19. The multi-chamber air-packing device of claim 18, wherein the inner air-packing body is formed by splicing one or more of the inflatable bodies, and at least one side of the inner air-packing body is attached to the first outer air-packing body.

20. The multi-compartment air-packing device of claim 19, wherein the crease lines of each of said inflatable bodies forming said inner inflatable package body are connected so that each of said receiving cavities is formed by said inner inflatable package body alone or in combination with said outer inflatable package body.

21. The multi-compartment air-packing device of claim 18, wherein the inflatable body includes one or more inflating units, each of the inflating units forming the inflating compartment, and each of the inflating units being provided with one or more of the inflating valves.

22. The multi-compartment air-packing device of claim 21, wherein the inflatable body is formed by a first air-compartment layer and a second air-compartment layer which are heat-sealed and folded, the inflatable body forming an inflation port and a main channel, air entering the inflation channel from the inflation port and entering each of the inflation cavities from the inflation channel through the inflation valve.

23. The multi-compartment air-packing device of claim 22, wherein the inflating valve comprises two valve films heat-sealed to the first and second air compartment layers of the inflatable body, respectively, to form an air intake passage therebetween, and inner surfaces of the two valve films are automatically sucked and adhered together after the inflating unit is inflated through the air intake passage to prevent reverse permeation of the gas introduced into the inflating unit from the air intake passage.

24. The multi-chamber air-packing device of claim 23, wherein the inflating valve is a self-adhesive film check valve including a first valve film, a second valve film, and a check packing film, the first valve film and the second valve film being positioned at the outer layer, the check packing film being positioned between the first valve film and the second valve film, an air intake passage being formed between the first valve film and the second valve film, and a check cavity being formed between the second valve film and the check packing film, inner surfaces of the first valve film, the second valve film and the check packing film being automatically adsorbed and bonded together after the air is inflated into the inflating unit through the air intake passage via the air passageway to prevent the air in the inflating unit from being reverse-permeated from the air intake passage and selectively entering the check cavity when the air is returned, and the gas entering the check cavity can generate pressure action on the second valve film, so that the gas inlet channel is further closed, and the gas reverse osmosis is prevented.

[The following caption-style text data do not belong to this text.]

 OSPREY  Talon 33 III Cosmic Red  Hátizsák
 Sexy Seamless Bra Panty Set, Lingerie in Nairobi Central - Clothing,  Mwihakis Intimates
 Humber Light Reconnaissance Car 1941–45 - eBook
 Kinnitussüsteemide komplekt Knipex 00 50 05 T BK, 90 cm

25. A method of manufacturing a multi-compartment air-packing device, comprising the steps of:

(c) splicing at least two of said inflatable bodies at a fold seam of said inflatable bodies such that said inflatable bodies undergo a series of folds to automatically form at least two receiving cavities for receiving an article to be packaged after being inflated, wherein said inflatable bodies form at least one air chamber sidewall, a plurality of said air chamber sidewalls enclosing one said receiving cavity, wherein at least one of said air chamber sidewalls surrounding one said receiving cavity is in communication with at least one of said air chamber sidewalls enclosing an adjacent said receiving cavity.

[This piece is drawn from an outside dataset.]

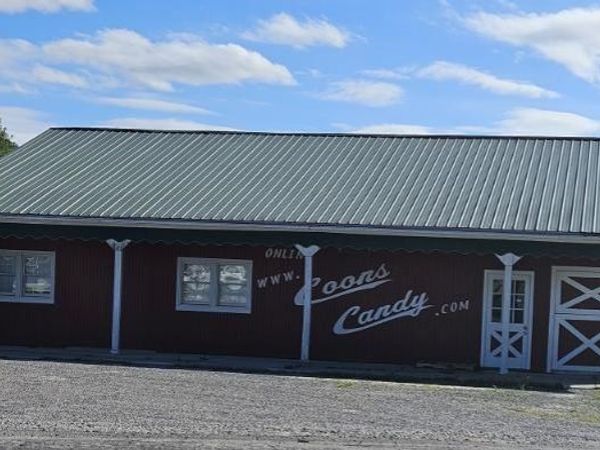 16848 Ch 113 , Harpster, OH 43323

26. The manufacturing method according to claim 25, in the above method, further comprising the steps of: an outer package body is provided outside an inner air-packing body formed by the inflatable body, thereby enhancing the cushioning property of the multi-chamber air-packing device.

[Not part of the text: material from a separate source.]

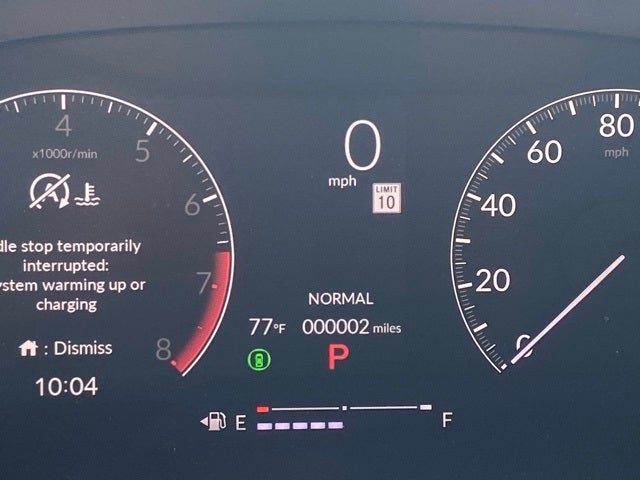 2025 Honda Civic Hatchback Sport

27. The manufacturing method according to claim 26, further comprising, in the above method, the steps of: and the uninflated inner layer air-filled packaging main body is overlapped with the outer layer packaging main body, and the inner layer air-filled packaging main body is inflated to expand the inner layer air-filled packaging main body so as to unfold the outer layer packaging main body, thereby forming the multi-chamber air packaging device.

28. The manufacturing method according to claim 27, in which the air cell layer of the inner air-packing body is adhered to the inside of the outer packing body.

29. The manufacturing method according to claim 25, in the above method, further comprising the steps of: and forming the inflatable body into at least one inflatable packaging body, wherein the inflatable packaging body positioned on the outer layer forms an accommodating space, and the inflatable packaging body positioned on the inner layer divides the accommodating space into each accommodating cavity.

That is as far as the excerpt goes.